LinuxQuestions.org - Scripting Help (Complex)

- Linux - Newbie (https://www.linuxquestions.org/questions/linux-newbie-8/)

- - Scripting Help (Complex) (https://www.linuxquestions.org/questions/linux-newbie-8/scripting-help-complex-4175598396/)

Scripting Help (Complex)

So, here's what I have and what I need.

I have approximately 800 pairs of files. A .log and a .xml:

5559_27589_TVE_HULU_AE5559_AEN_BSST_158395_TVE_000_2398_60_20150721_000.log
5559_27589_nmr.xml

I also have an Excel spreadsheet of metadata

The XML has specific fields that are empty and need the metadata inserted:

<NMRVodMetadata>
<ADIFileName/>
<DsrcId></DsrcId>
<DsrcName></DsrcName>
<AssetId></AssetId>
<AssetName></AssetName>
<EpisodeId></EpisodeId>
<WatermarkedTime>01/06/17 14:22:35</WatermarkedTime>
<SID>5559</SID>
<StartingTIC>27589</StartingTIC>
<EndingTIC>30179</EndingTIC>
<AllocatedStartTIC>27589</AllocatedStartTIC>
<AllocatedEndTIC>30206</AllocatedEndTIC>
<TicsRemaining>268405248</TicsRemaining>
<HDContent></HDContent>
<FileSizeBytes>1490688000</FileSizeBytes>
<FileSizeSeconds>2588</FileSizeSeconds>
<ApplicationName></ApplicationName>
<ApplicationVersion></ApplicationVersion>
<EncoderEngineName>Nielsen Watermark Engine</EncoderEngineName>
<EncoderEngineVersion>1.9.15</EncoderEngineVersion>
</NMRVodMetadata>

The orange fields are static values.

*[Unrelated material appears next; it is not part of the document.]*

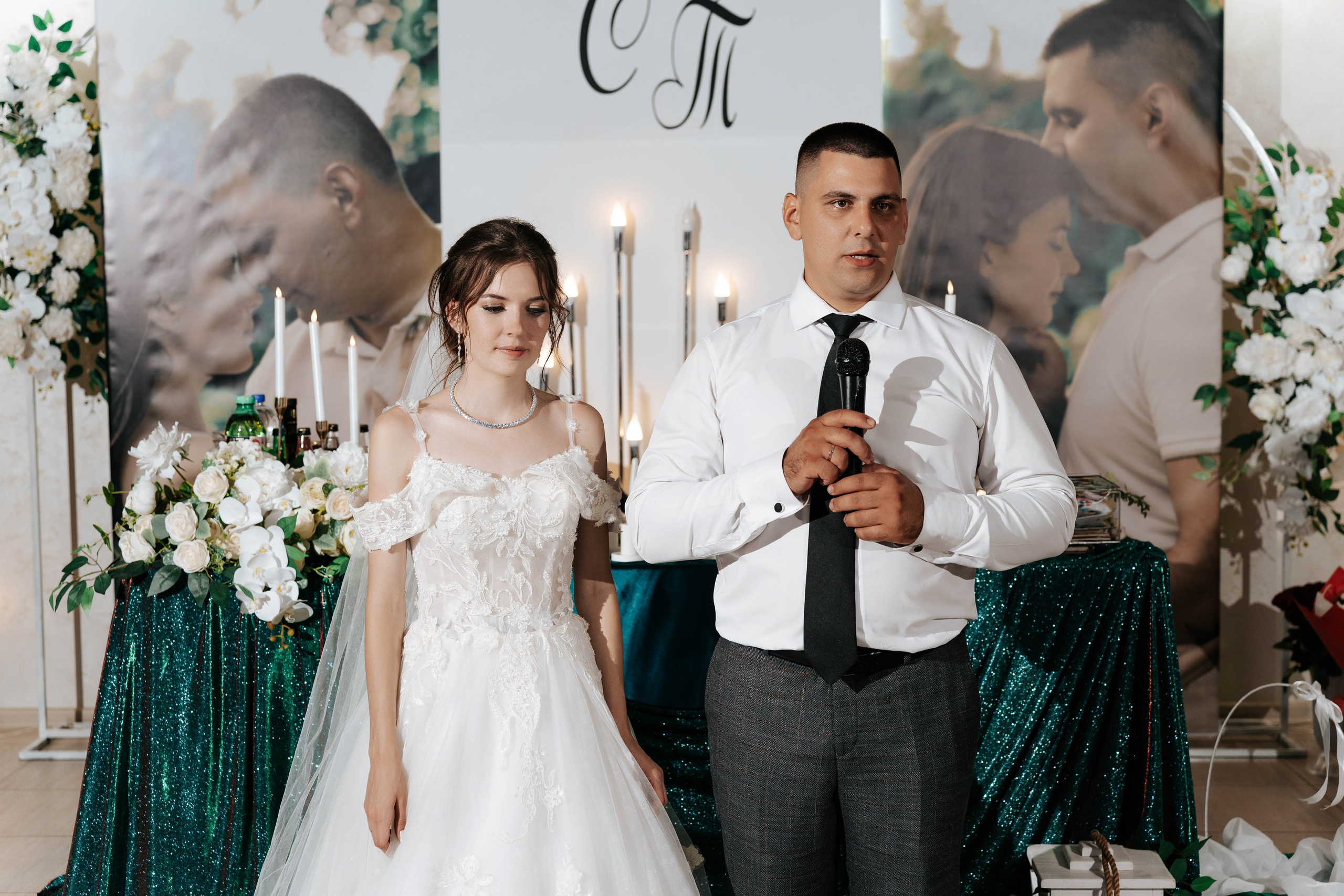 Sergey & Tatiana. Свадебный фотограф в Воронеже Самохина Екатерина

The yellow fields are information that exists in the Excel doc.

Basically, for all the XMLs, we need to add the static values into the orange fields.

AND

- We need to correlate the ID# in the first column (158395) with the .log file, which has the value in the file name.
- Then, we need to correlate that specific .log file with the corresponding .xml file that shares the same prefix (5559_27589).
- Then we need to take the information in the columns next to the ID# and populate the blank fields in the XML with that information.

Any help in automating this process or giving me some CLI commands would be greatly appreciated.

Thanks.

Ok, so what have you done so far?

Hi mermelmadness and welcome to LQ,

Please read the link in TenTenth's post about how to ask a question, and here is a repeat of that link: How to ask a Question.

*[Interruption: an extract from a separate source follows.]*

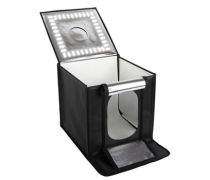 Starblitz LED 440 skládací osvětlený fotobox 40x40cm - obrázek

The point here is that while you have described the input and your desired output, you have not discussed what language you intend to do your project in, and whether or not you have tried to solve any part of this yet.

LQ members are volunteers and not here to provide "on demand" code. Instead we volunteer to help you to learn the tools you need to accomplish your goals. Along the way, when you show some effort, people will gladly offer suggested improvements.

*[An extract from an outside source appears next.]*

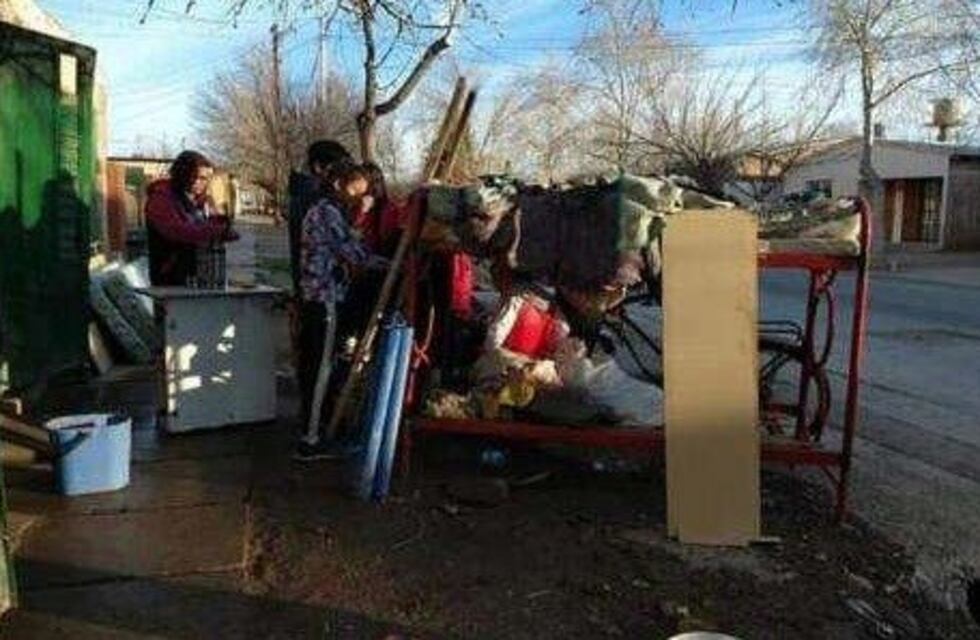 Solidaridad: se quedaron sin hogar por un incendio y piden ayuda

What are your ideas for automation? Were you planning to write a script or a program? What CLI commands are you considering and have you checked the manual pages?

As above, but also, please use [code][/code] tags around your code and data as this will help maintain the formatting.

Probably a suggestion would be to convert the Excel docs to csv text files so they can be easily read.

Well, I'm a newb myself, so by now I'd probably export the Excel-file to CSV, and then go crazy with grep, head/tail/cut and paste.
The correlations you need should be not that big of a deal with string-matching-conditionals generally available in bash.

Quote:

Originally Posted by mermelmadness (Post 5661157)

The XML has specific fields that are empty and need the metadata inserted:

Perl does XML parsing rather easily. Try looking at the XML::TreeBuider::XPath module or one of the other XML parsers. There are also modules which can read CSV.